### En este proceso la unión de los datasets y la selección de características numéricas son pasos esenciales para desarrollar un modelo de sistema de recomendación de videojuegos efectivo.

In [1]:
import pandas as pd

### Se cargan los archivos .csv en DataFrames. 

In [2]:
df_games = pd.read_csv('output_steam_games_clean.csv')
df_items = pd.read_csv('australian_users_items_clean.csv')

### Se unen los dos DataFrames por la columna “id” utilizando el método .merge()

In [3]:
df_merged = pd.merge(df_games, df_items, on='id', how='inner')

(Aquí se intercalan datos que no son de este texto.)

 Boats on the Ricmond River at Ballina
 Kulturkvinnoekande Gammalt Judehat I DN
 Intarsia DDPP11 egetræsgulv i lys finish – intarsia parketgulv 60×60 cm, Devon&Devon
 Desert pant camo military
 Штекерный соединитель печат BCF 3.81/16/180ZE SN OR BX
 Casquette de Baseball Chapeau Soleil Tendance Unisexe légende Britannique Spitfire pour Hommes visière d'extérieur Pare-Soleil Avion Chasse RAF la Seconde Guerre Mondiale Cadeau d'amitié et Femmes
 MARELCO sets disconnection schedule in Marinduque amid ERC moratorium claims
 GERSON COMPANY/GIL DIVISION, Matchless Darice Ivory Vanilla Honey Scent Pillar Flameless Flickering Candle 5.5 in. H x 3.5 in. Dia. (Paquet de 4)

### Visualización del DataFrame Final.

In [4]:
df_merged.head(3)

Unnamed: 0.1,Unnamed: 0,publisher,genres,title,id,developer,Action,Adventure,Animation &amp; Modeling,Audio Production,...,Strategy,Utilities,Video Production,Web Publishing,year,user_id,items_count,steam_id,playtime_forever,playtime_2weeks
0,88338,Valve,Action,Half-Life,70.0,Valve,1,0,0,0,...,0,0,0,0,1998,kube134,476,76561198031442694,4,0
1,88338,Valve,Action,Half-Life,70.0,Valve,1,0,0,0,...,0,0,0,0,1998,76561198030567998,75,76561198030567998,21,0
2,88338,Valve,Action,Half-Life,70.0,Valve,1,0,0,0,...,0,0,0,0,1998,itslonk,133,76561198027380739,8,0


### Se elimina la columna 'genre' para reducir la dimensionalidad 

In [5]:
df_merged.drop(['genres'],axis=1, inplace=True)

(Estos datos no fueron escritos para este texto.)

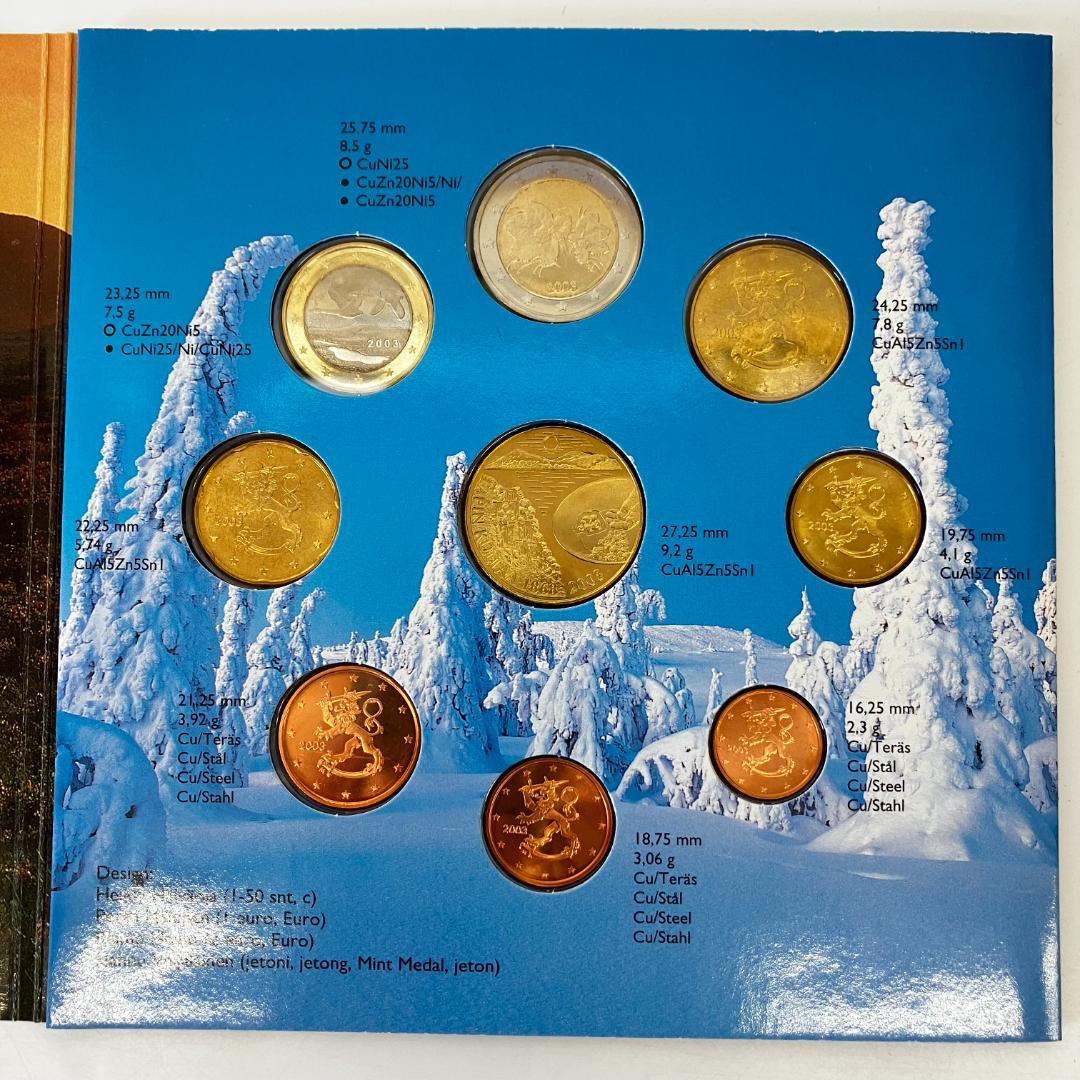 フィンランド 記念硬貨セット 2003年発行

### El DataFrame Final se exporta a un archivo CSV.

In [6]:
df_merged.to_csv('dataset_final.csv', index=False)

### Se carga el dataset australian_user_reviews_clean.csv

In [7]:
df_reviews = pd.read_csv('australian_user_reviews_clean.csv') 

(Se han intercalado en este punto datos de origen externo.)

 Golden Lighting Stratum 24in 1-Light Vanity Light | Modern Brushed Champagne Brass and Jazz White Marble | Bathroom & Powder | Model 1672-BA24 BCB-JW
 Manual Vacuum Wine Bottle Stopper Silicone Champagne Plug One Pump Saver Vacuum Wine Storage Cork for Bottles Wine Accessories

### Se unen ambos DataFrame por la columna 'user_id' para obtener un DataFrame Final.

In [8]:
df_final = pd.merge(df_merged, df_reviews, on = 'user_id') 

In [9]:
df_final.columns

Index(['Unnamed: 0_x', 'publisher', 'title', 'id', 'developer', 'Action',
       'Adventure', 'Animation &amp; Modeling', 'Audio Production', 'Casual',
       'Design &amp; Illustration', 'Early Access', 'Education',
       'Free to Play', 'Indie', 'Massively Multiplayer', 'Photo Editing',
       'RPG', 'Racing', 'Simulation', 'Software Training', 'Sports',
       'Strategy', 'Utilities', 'Video Production', 'Web Publishing', 'year',
       'user_id', 'items_count', 'steam_id', 'playtime_forever',
       'playtime_2weeks', 'Unnamed: 0_y', 'user_url', 'funny', 'last_edited',
       'item_id', 'helpful', 'recommend', 'review', '0', 'posted_year',
       'sentiment_analysis'],
      dtype='object')

### Se eliminan columnas específicas del DataFrame con el objetivo de reducir su tamaño y mejorar su eficiencia.

In [10]:
df_final.drop(columns=['0', 'Unnamed: 0_x', 'Unnamed: 0_y'], inplace=True)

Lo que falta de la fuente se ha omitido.